The former has a measurable effect, while the latter is just something we do as individuals to help us feel better.
Jho@feddit.uk 10 months ago
danielquinn@lemmy.ca 10 months ago
There’s nothing wrong with encouraging individual action, only in suggesting that in doing so they’re solving the problem.
I stopped driving 20 years ago, cycle or transit everywhere, drastically reduced plastic and meat consumption, etc. etc. and while this all makes me feel good/righteous, it hasn’t actually solved anything. There are perhaps 1 million people in the world applying similar efforts. They too probably feel good about themselves, but the world is still on fire.
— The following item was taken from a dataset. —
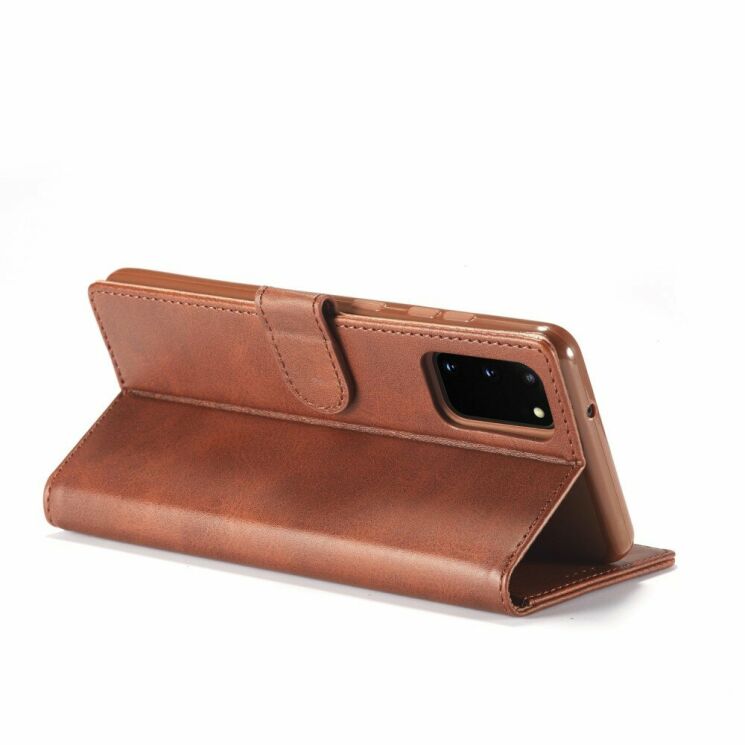 Чехол LC.IMEEKE Wallet Case для Samsung Galaxy S20 (G980) - Coffee: фото 7 из 10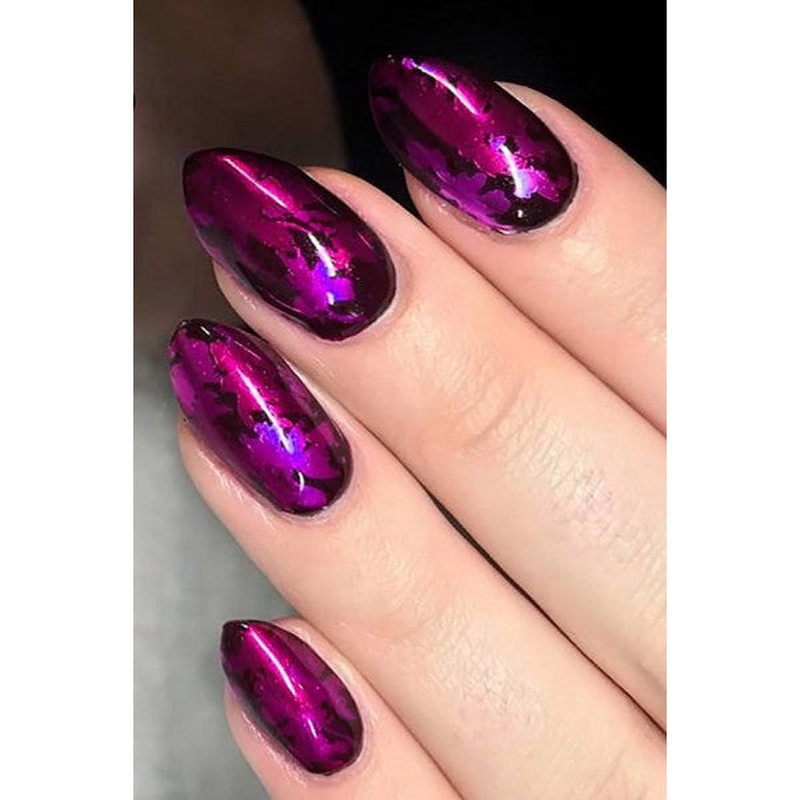 Color Hologram Transfer Nail Tattoo, Nail Sticker, Nail Tattoo, Nail Art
The vast, vast amount of people will never change on ideology alone. Partially due to things like financial or class limitations, but also just limited knowledge. I’ve lost count of the number of times I’ve had to explain to people just which plastics are recyclable, which tech is more sustainable, which foods are more environmentally healthy, and what the best options are for heating your home. It’s just too much for most people. Their minds are busy with other things like, “how will I pay rent this month?”. You gotta remember how many people vote based on lies they hear on TV or even just which party uses their favourite colour.
It’s a constant battle that cannot be won by individuals and allowing ourselves to think that we’ve accomplished something by “doing our part” is precisely why we’re still having this conversation 50 years after global warming was identified. We need collective action that limits harmful acts while promoting helpful ones and you can’t do that alone.
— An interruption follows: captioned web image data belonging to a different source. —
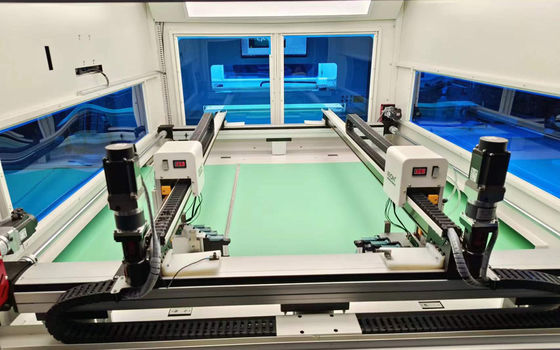 Bon prix Machine d'impression numérique double tête pour cuir avec zone de travail de 1200 x 900 mm et contrôle par ordinateur pour le marquage de chaussures en ligne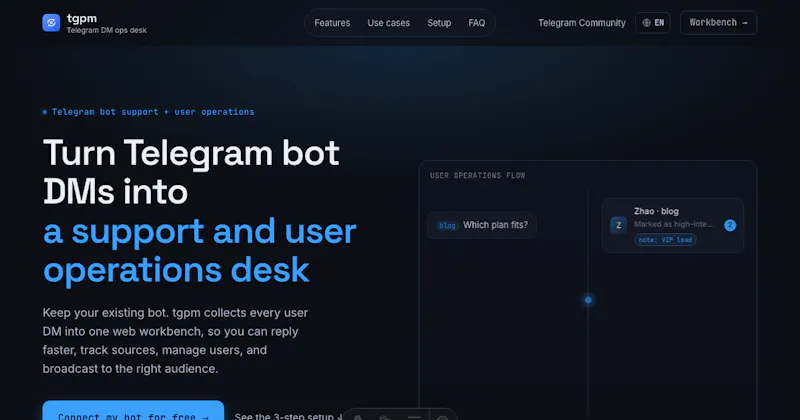 Telegram bot DM screenshot 1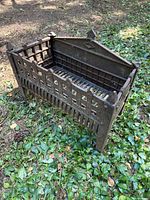 Overall view of cast iron firebox insert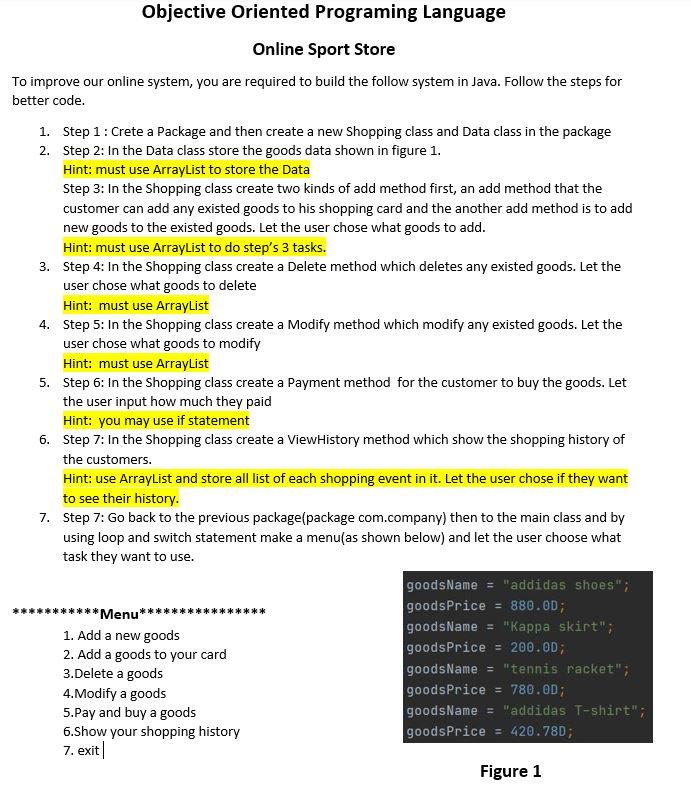 Solved Please code must be done in Java The report is mainly | Chegg.com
YungOnions@sh.itjust.works 10 months ago
You’re right, you can’t achieve collective action alone, but I’d argue that individual action, such as what you’re doing is part of that collective action, no?
danielquinn@lemmy.ca 10 months ago
Nope, it’s the complete opposite.
I can make different choices tomorrow: buy a Ford F-150, swap my heat pump for a gas boiler, and start buying more disposable crap and the resulting impact on the problem would be negligible. It’s nice to think that my individual choices matter, but on the scale that matters, they don’t even move the needle.
The Ford F-150 should be illegal and gas boilers should be banned or at least more expensive than heat pumps. That moves the needle 'cause it’s collectively applied to the wider public and (more importantly) the economy as a whole.
The problem comes with the idea that “I’m one of the people who needs to change, therefore my changing is progress”. While this is technically true, it’s effectively irrelevant because at the scale we’re talking about, individual contributions are statistically insignificant.
This is exactly why companies like BP & Shell have pushed the idea of personal responsibility so hard. They’ve reframed the debate into something about personal virtue rather than collective responsibility to ensure that nothing changes.
It’s one of the most insidious ideas around activism, that “voting with your wallet” works.